Olağanüstü hallerde 'temel hak ve özgürlükler sınırlı' olduğu için seçim ve referandum yapılamaz. Venedik Komisyonu'nun da uyardığı gibi bu başlı başına bir meşruiyet sorunu yaratır" diyorlar.
Anayasa'nın amacının "devletin hukukla sınırlandırılması, iktidarları sınırlama mekanizması getirilmesi, tüm devlet gücünün tek elde toplanmaması, vatandaş ve devletle ilgili güvencelerin korunması" olduğunu anlatıyorlar.
Televizyonlarda "ABD'de Başkan'ın işlemlerinin denetimsiz olduğunu" söyleyen bazı milletvekilleri, demokratik hiçbir ülkede "denetimsiz iktidar gücü" olmadığını araştırmalıdır.

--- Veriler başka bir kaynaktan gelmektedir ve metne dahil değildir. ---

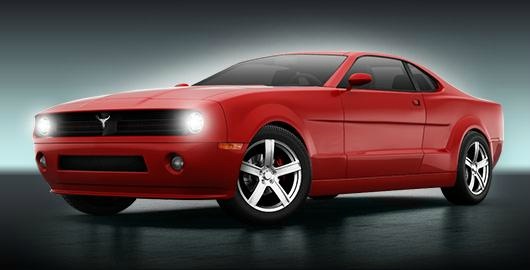 №44, Влад Медуна, 24 года, Львов №44, Влад Медуна, 24 года, Львов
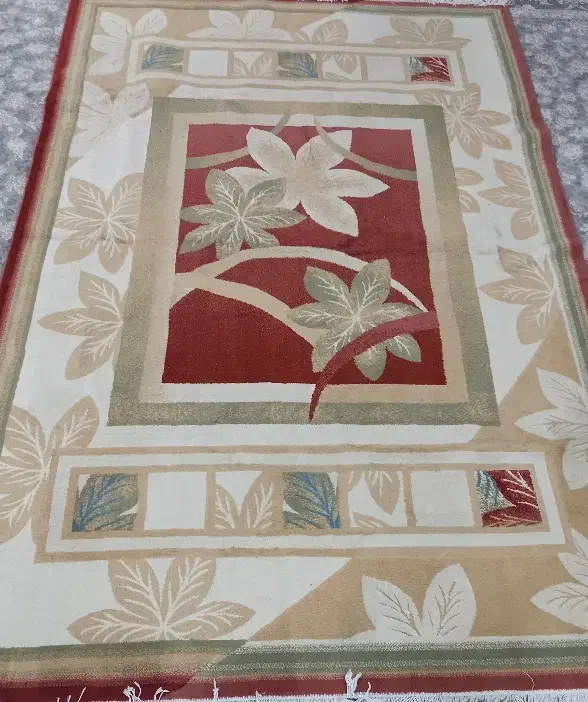 گلیم فرش|گلیم، جاجیم، گبه|اهواز, کیانشهر|دیوار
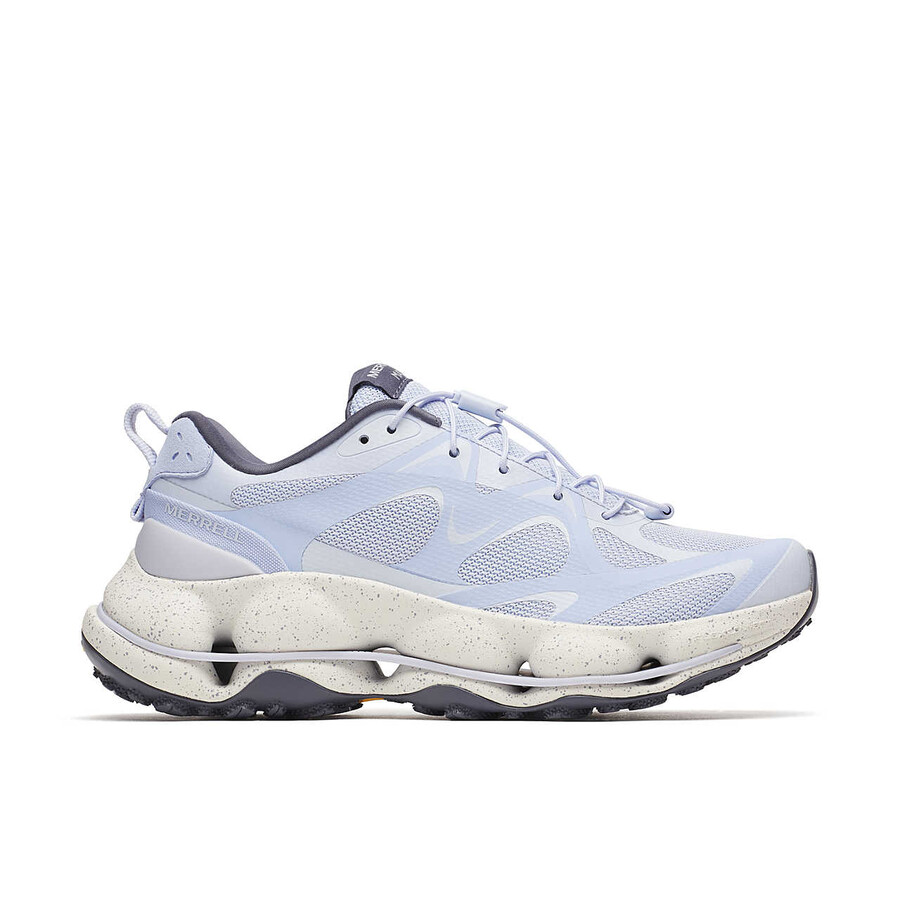 women - speedarc matis - shoes verbena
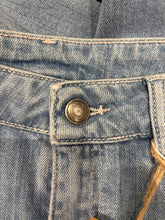 Charger l'image dans la galerie, ✨ Jean Eden Park Femme – Neuf avec étiquette ✨ Taille 38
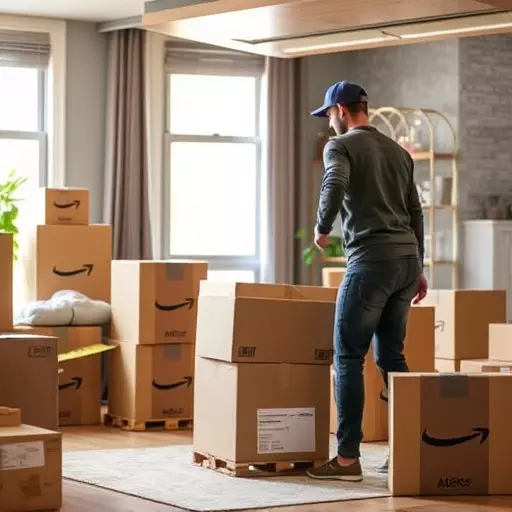 packing and moving services holland ohio,packing techniques,moving checklists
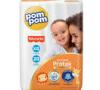 FRALDA POM POM DERMA PROTEK JUMBO TAMANHO XG C/20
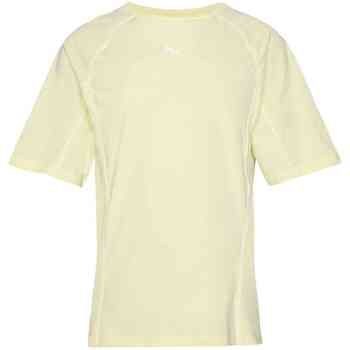 Puma Camiseta 688119-35 para mujer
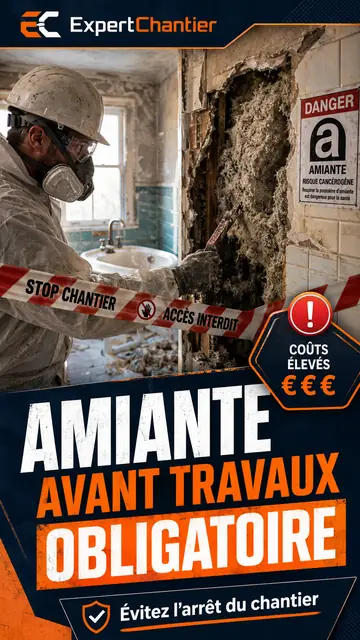 Vidéo de présentation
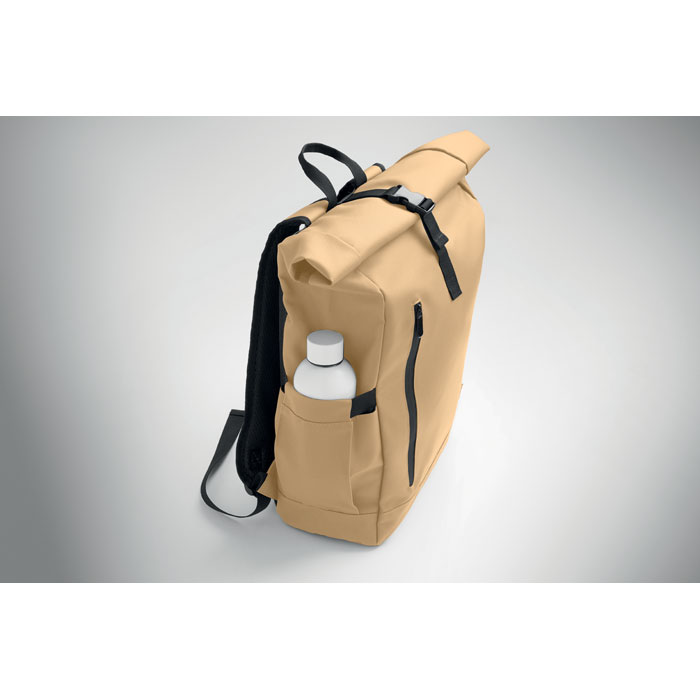 BANGKOK ROLL - Image 61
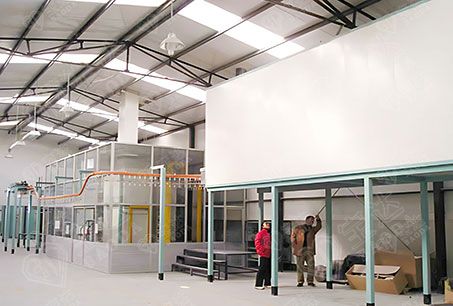 1723625456824480.jpg 898√.jpg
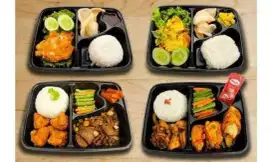 Waiter Restoran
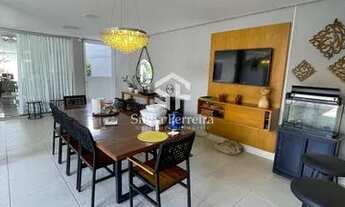 Imagem 7: Casa Espetacular a venda no Grande Major Prates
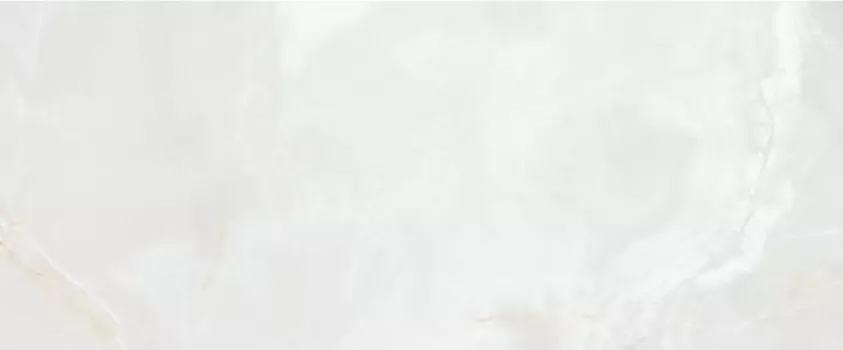 Керамогранит Grespania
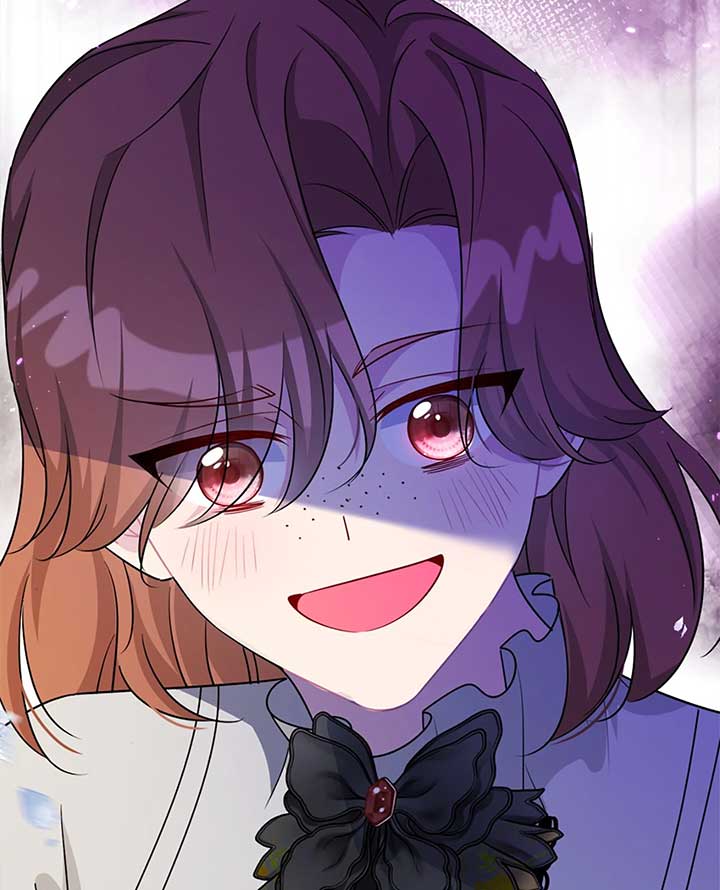 The Lithromantic Duke Chapter 27 65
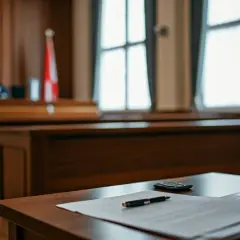 Ile zarabia kurator zawodowy? Zaskakujące fakty o pensji w Polsce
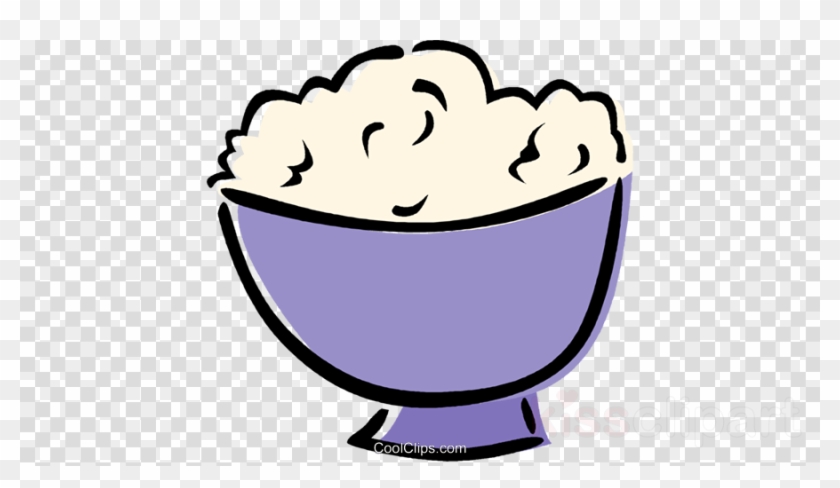 Draw Mashed Potatoes Easy Clipart Mashed Potato Gravy - Draw Mashed Potatoes Easy Clipart Mashed Potato Gravy #1514542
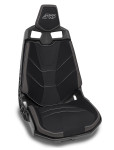 PRP Can-Am Maverick X3 / Maverick R Front Seat Covers (Pair)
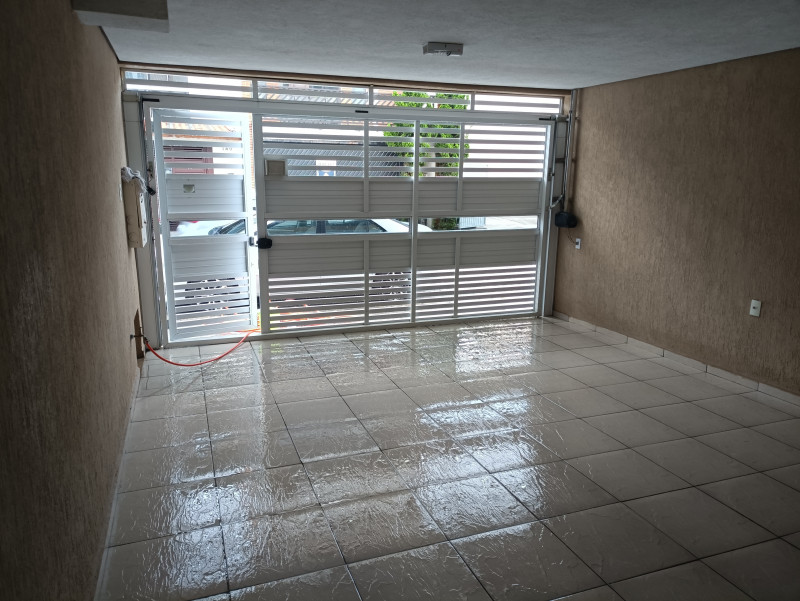 Casa à venda Parque São Vicente com 202m² e 3 quartos por R$ 699.999 - 1999556611-img-20230107-101533.jpg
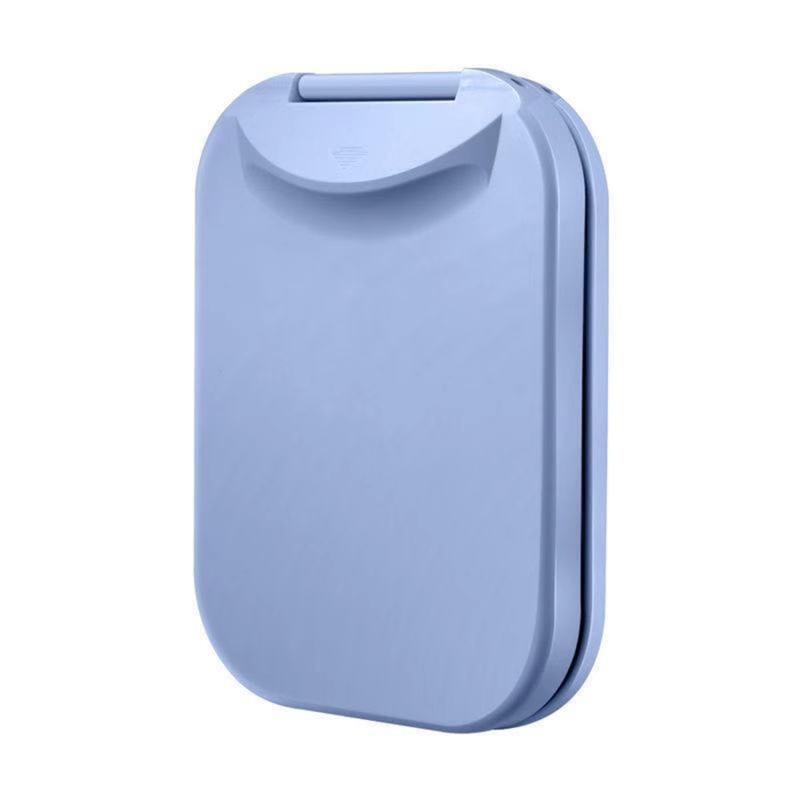 JetPillow | Verstelbaar opvouwbaar reiskussen – Comfortabele neksteun voor in het vliegtuig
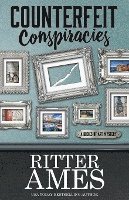 Counterfeit Conspiracies 1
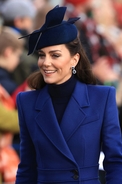 Princess Catherine shares major update on cancer treatment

Hepimizin görevi halka "doğruları" anlatmak olmalı!
Güngör Mengi
***
TRT Genel Müdürü kimden korkuyor?
Cumhurbaşkanı, CHP'nin "Hayır" çadırına bir su içimlik için de olsa konuk oldu. Bunu yaptı diye övüp göklere çıkaracak bir durumumuz yok. Normalini yaptı, demokratik, ileri, uygar ülke politikacıları bunu yapmazlarsa oy kaybediyorlar.
Bir umut ışığı yandı:
Çadıra gelen TV ekranına da çıkar.
Cumhurbaşkanı'ndan asıl beklenen Kemal Kılıçdaroğlu ile TRT ekranında bir araya gelmesi. Kemal Kılıçdaroğlu'nun "İster Cumhurbaşkanı ile teke tek. İster Cumhurbaşkanı ile Başbakan ikisi birlikte gelsin ekranda yüzleşelim, tartışalım, halk izlesin; kim doğru söylüyor, kim yalan söylüyor halk karar versin" teklifini 43 gündür tekrarlıyor. TRT niçin "liderlere özel bir program" yapmaz, Cumhurbaşkanı'nı Kemal Kılıçdaroğlu ile "Referandum yüzleşmesi" programına çağırmaz? Bu çağrıyı da halka duyurmaz? TRT Kanunu buna izin veriyor, TRT'nin Genel Müdürü kimden, neden, niçin korkuyor?